> [Supplied data]
########
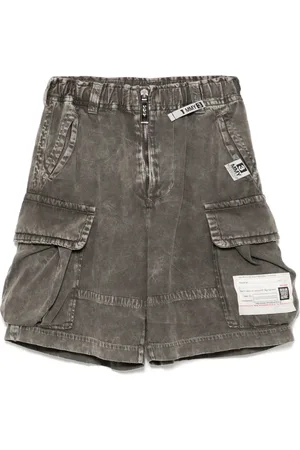Maison Mihara Yasuhiro Short délavé à poches cargo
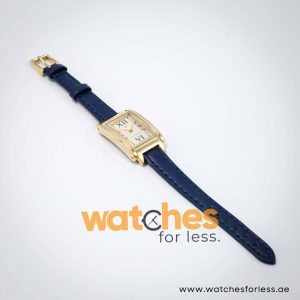 Tommy Hilfiger Women’s Quartz Blue Leather Strap Gold Dial 24mm Watch 1780686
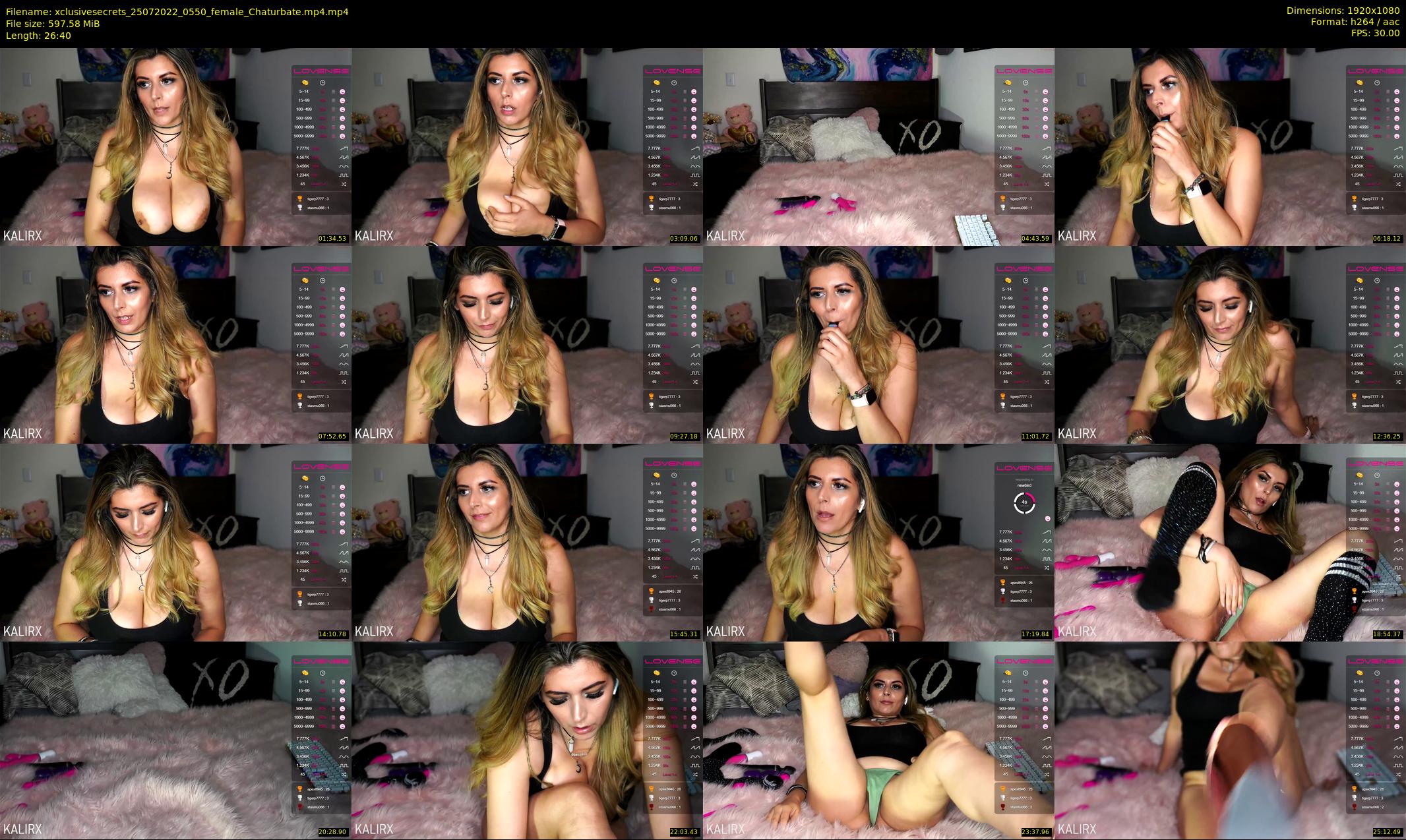 xclusivesecrets — 27 minute Chaturbate female cam show recording, 1080p, Jul 25, 2022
########
> [Task statement] Apart from the images, print all the material above exactly as given.

> [Response to the task]
Maison Mihara Yasuhiro Short délavé à poches cargo
 Tommy Hilfiger Women’s Quartz Blue Leather Strap Gold Dial 24mm Watch 1780686
 xclusivesecrets — 27 minute Chaturbate female cam show recording, 1080p, Jul 25, 2022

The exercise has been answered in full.